Thoughts for Saturday 29th August 2020

Psalm 26:1-8; Jeremiah 15:10-14; Matthew 8:14-17
 
Saturday 29 August
 
Verse 12 of chapter 15 of the Book of Jeremiah is enigmatic: (No one can break iron, especially the iron from the north that is mixed with bronze.) There are a number of theories as to its meaning, the best I am able to do today being to say that it’s a reminder to us that Old Testament history all the way from the time of the patriarchs and matriarchs right through to that of the Persian Empire (i.e. the beginning of the 12th century BC to the middle of the 6th century BC) is actually almost exactly contiguous with what archaeologists have classified as the Iron Age in the Ancient Near East.
 
And so we have references to iron (as well as to an earlier Bronze Age) scattered throughout scripture.
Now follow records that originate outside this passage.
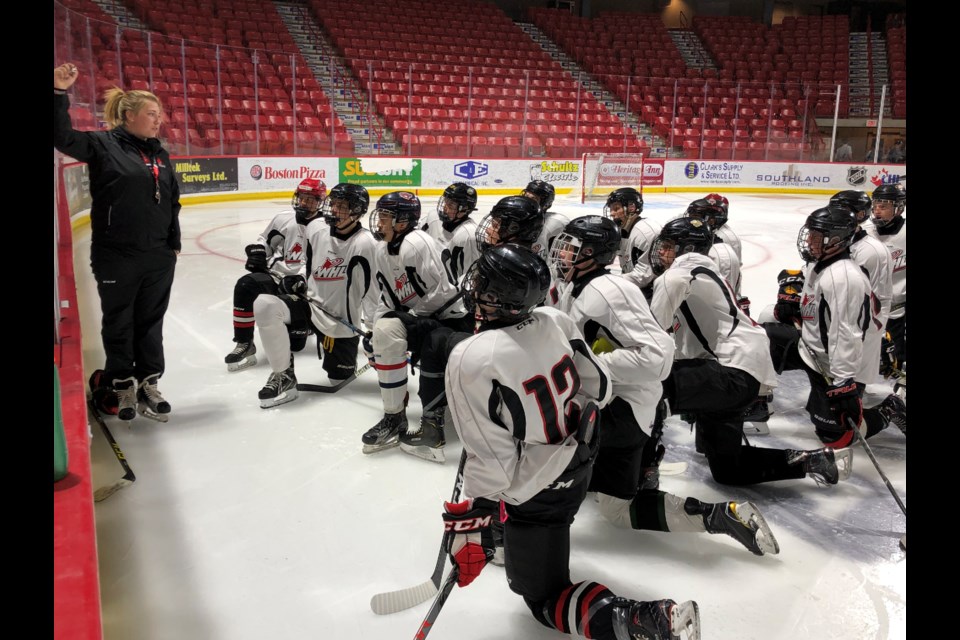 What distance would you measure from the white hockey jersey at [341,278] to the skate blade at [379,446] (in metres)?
0.85

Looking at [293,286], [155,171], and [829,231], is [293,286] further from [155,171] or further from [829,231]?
[829,231]

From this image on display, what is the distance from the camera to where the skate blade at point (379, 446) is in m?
3.22

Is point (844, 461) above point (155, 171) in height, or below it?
below

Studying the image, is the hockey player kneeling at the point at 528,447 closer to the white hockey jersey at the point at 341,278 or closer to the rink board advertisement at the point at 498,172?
the white hockey jersey at the point at 341,278

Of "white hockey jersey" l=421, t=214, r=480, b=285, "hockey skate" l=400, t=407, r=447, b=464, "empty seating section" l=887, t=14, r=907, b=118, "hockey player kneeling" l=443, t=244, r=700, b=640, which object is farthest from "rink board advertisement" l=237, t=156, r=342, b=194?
"empty seating section" l=887, t=14, r=907, b=118

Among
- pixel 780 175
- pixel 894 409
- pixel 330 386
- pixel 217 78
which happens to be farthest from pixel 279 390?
pixel 780 175

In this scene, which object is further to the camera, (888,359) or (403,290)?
(888,359)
The earliest can be found in the 4th chapter of the Bible, and the latest in the 4th to last chapter. Genesis 4:22 mentions Tubal Cain as someone who made all kinds of tools out of bronze and iron; and Revelation 19:15 speaks of Jesus as ‘King of Kings and Lord of Lords’: and ‘He will rule over them with a rod of iron,’ John tells us . . .
 
. . . Revelation 18 speaking of all the goods people with money are able to buy such as precious stones, scarlet cloth, spices, ivory, marble (and even human lives!) as well as both bronze and iron.
 
One observation: if we were to work our way through such references as there are we can notice 1) when these are to actual artefacts and when the references are metaphorical, and 2) when iron (and bronze) are used for tools or weapons – or indeed both, as in:
 
Isaiah 2:4: ‘He will settle disputes among great nations. They will hammer their swords into ploughs:’

Let us pray (and our prayer today is a photograph)

 

Amen.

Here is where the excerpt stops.